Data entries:
- Opening Delimiter -
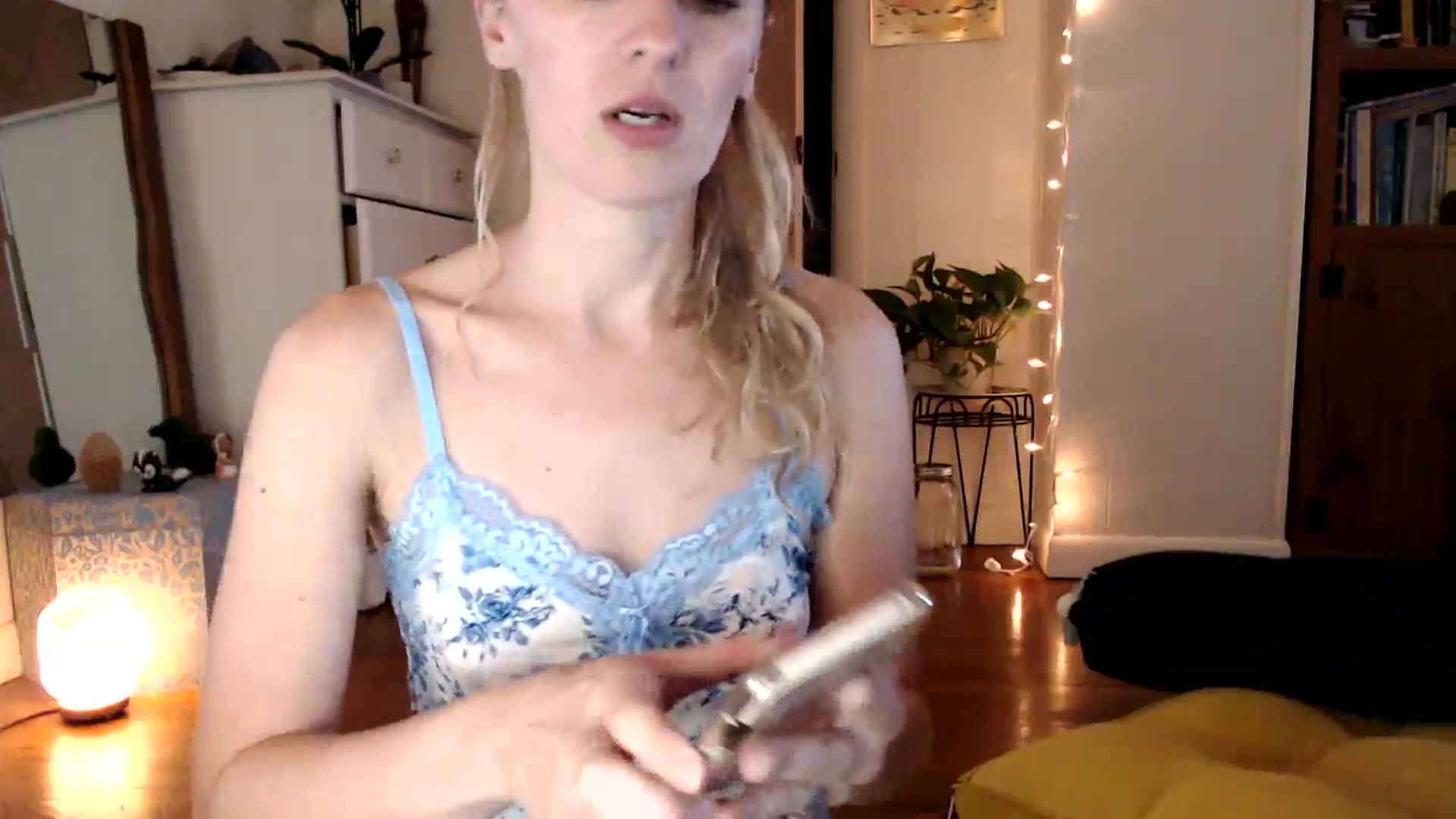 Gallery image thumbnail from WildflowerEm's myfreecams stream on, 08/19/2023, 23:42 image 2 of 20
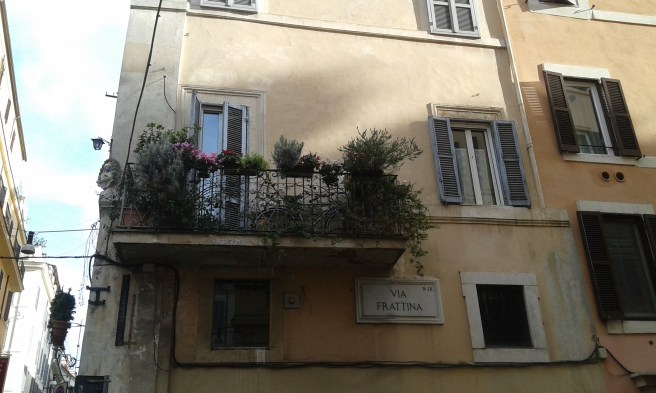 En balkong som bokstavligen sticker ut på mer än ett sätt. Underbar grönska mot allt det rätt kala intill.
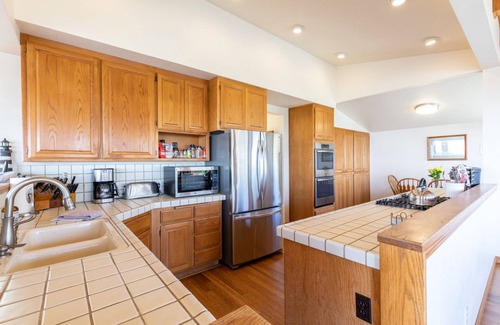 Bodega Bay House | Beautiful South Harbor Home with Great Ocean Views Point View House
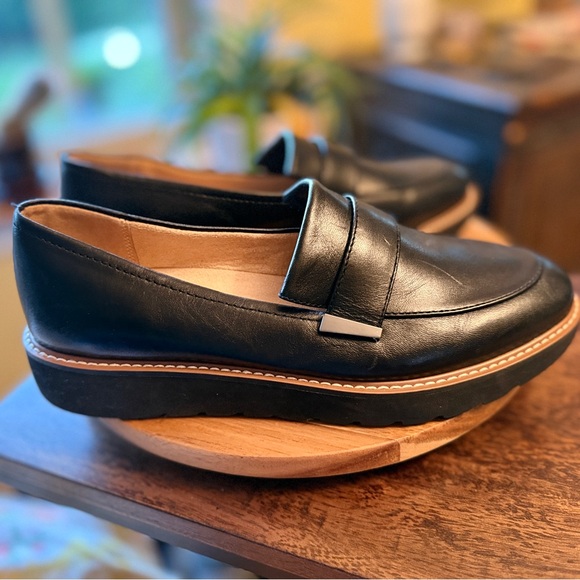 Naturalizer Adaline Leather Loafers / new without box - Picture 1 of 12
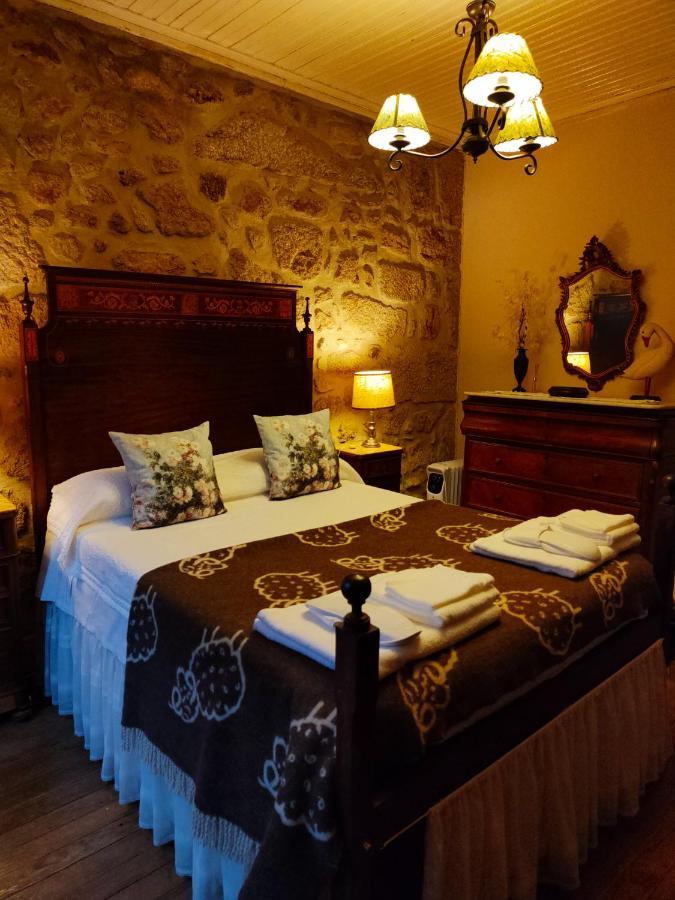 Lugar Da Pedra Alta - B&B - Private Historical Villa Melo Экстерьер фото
- Closing Delimiter -
Your assignment: Would you return the records exactly, keeping out every picture?

Expected answer:
 Gallery image thumbnail from WildflowerEm's myfreecams stream on, 08/19/2023, 23:42 image 2 of 20
 En balkong som bokstavligen sticker ut på mer än ett sätt. Underbar grönska mot allt det rätt kala intill.
 Bodega Bay House | Beautiful South Harbor Home with Great Ocean Views Point View House
 Naturalizer Adaline Leather Loafers / new without box - Picture 1 of 12
 Lugar Da Pedra Alta - B&B - Private Historical Villa Melo Экстерьер фото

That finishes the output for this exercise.